**Available data**:
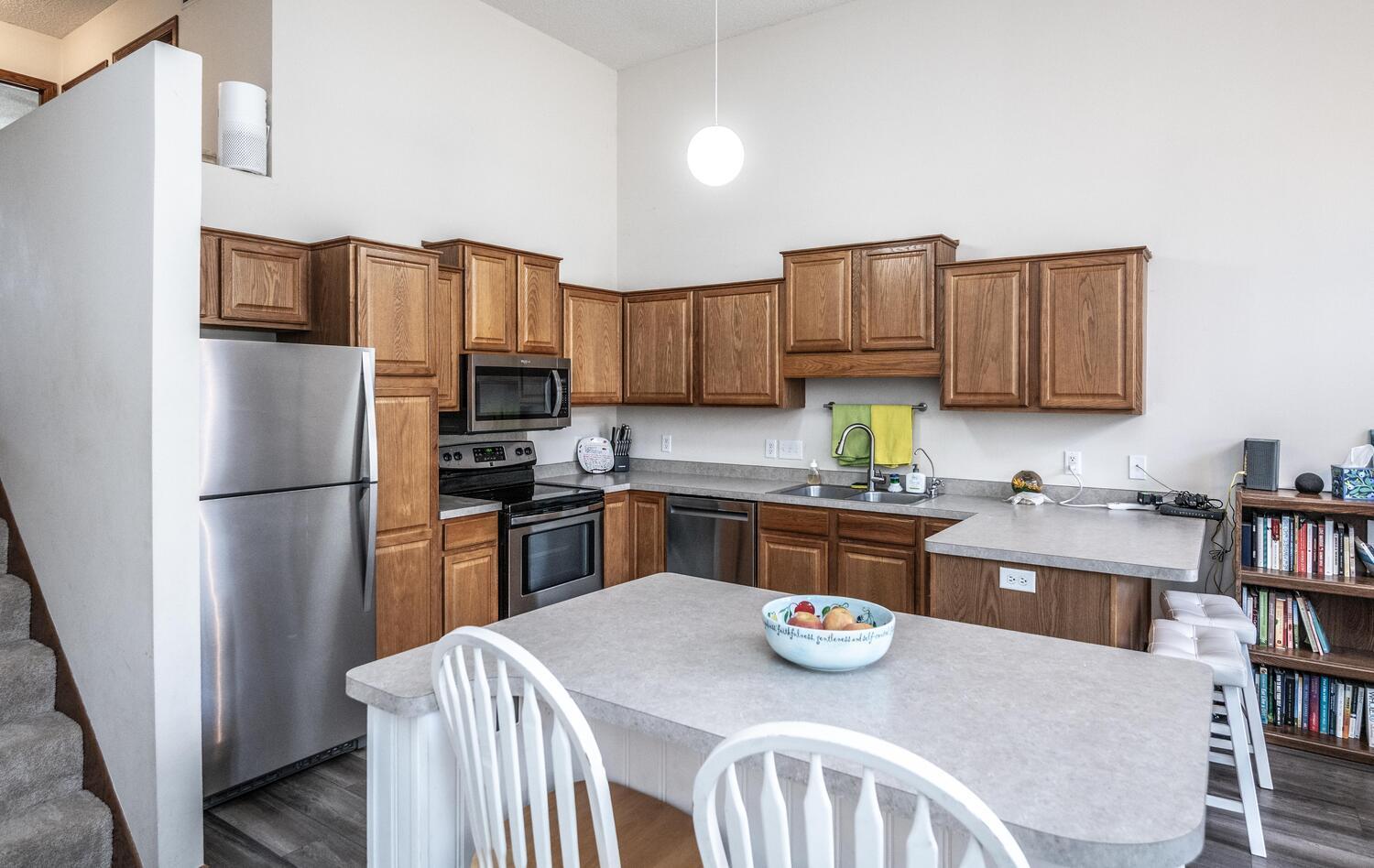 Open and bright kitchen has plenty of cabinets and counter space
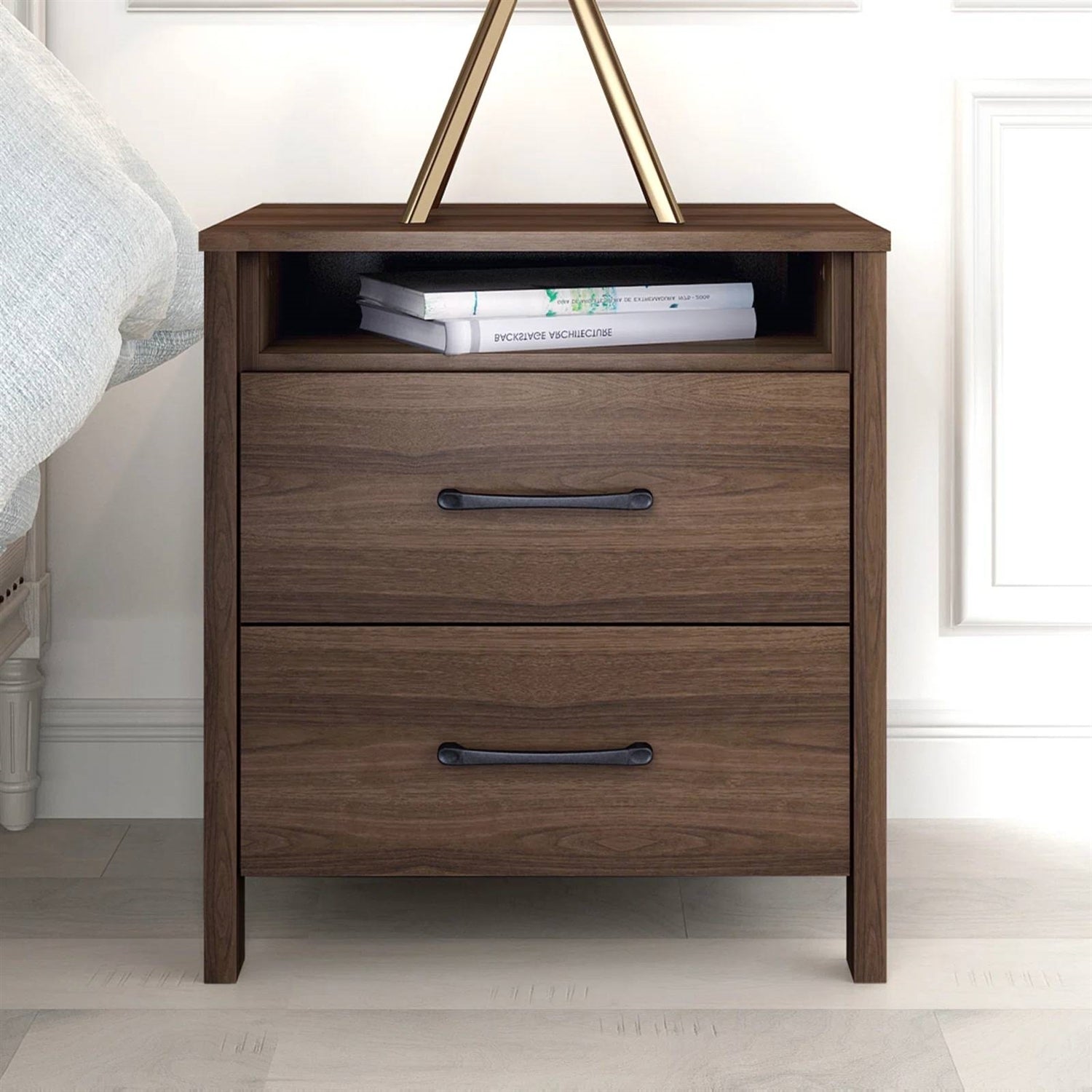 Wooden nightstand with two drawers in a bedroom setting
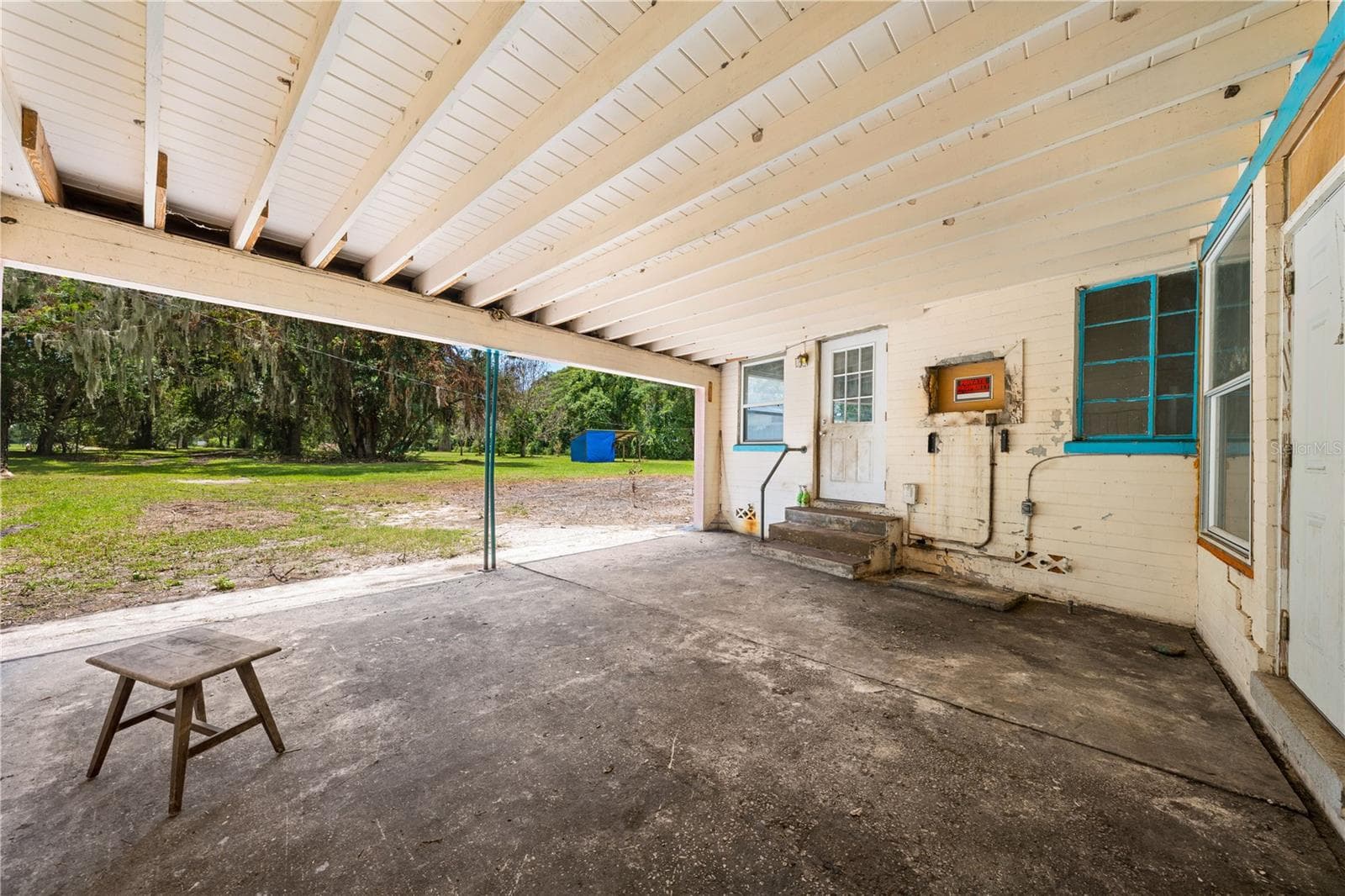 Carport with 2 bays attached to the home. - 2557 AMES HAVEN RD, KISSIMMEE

**Task instructions**: Would you copy all the material exactly, dropping the pictures?

**Answer box**:
 Open and bright kitchen has plenty of cabinets and counter space
 Wooden nightstand with two drawers in a bedroom setting
 Carport with 2 bays attached to the home. - 2557 AMES HAVEN RD, KISSIMMEE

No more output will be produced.